[Exercise requirements] The material below holds pictures, which are to be left out; copy exactly the lines from the one with "Did everybody see" through the one with "I hope aap sabko".

[Task input]
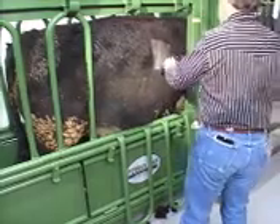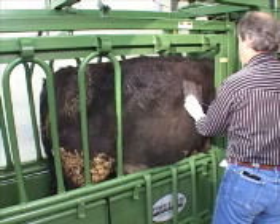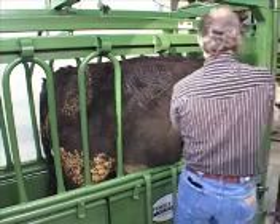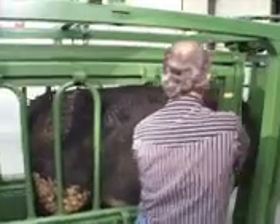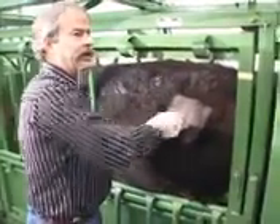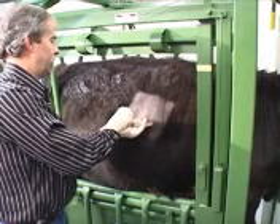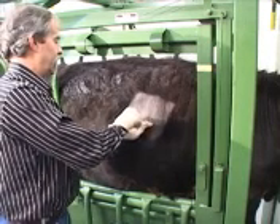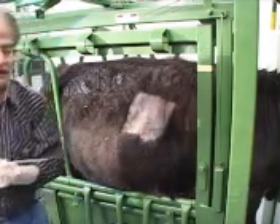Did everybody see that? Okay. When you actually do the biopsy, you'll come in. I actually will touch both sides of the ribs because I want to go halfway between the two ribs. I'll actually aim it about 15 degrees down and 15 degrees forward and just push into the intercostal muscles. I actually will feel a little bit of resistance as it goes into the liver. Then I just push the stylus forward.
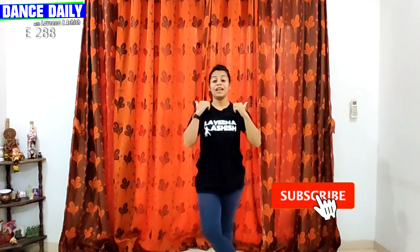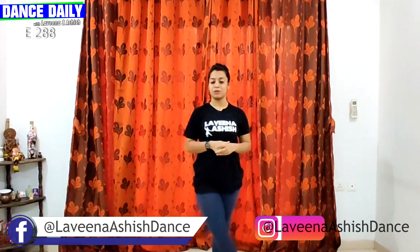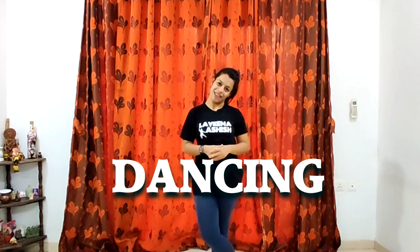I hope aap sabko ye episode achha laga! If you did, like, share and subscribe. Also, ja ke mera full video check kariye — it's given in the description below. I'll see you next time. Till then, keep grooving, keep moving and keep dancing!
---
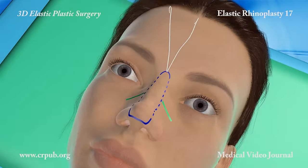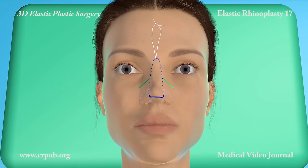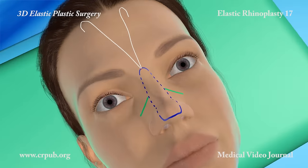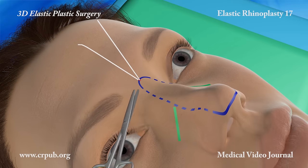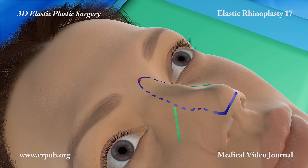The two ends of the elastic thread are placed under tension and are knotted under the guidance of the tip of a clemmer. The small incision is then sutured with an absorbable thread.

[Problem solution]
Did everybody see that? Okay. When you actually do the biopsy, you'll come in. I actually will touch both sides of the ribs because I want to go halfway between the two ribs. I'll actually aim it about 15 degrees down and 15 degrees forward and just push into the intercostal muscles. I actually will feel a little bit of resistance as it goes into the liver. Then I just push the stylus forward.
I hope aap sabko ye episode achha laga! If you did, like, share and subscribe. Also, ja ke mera full video check kariye — it's given in the description below. I'll see you next time. Till then, keep grooving, keep moving and keep dancing!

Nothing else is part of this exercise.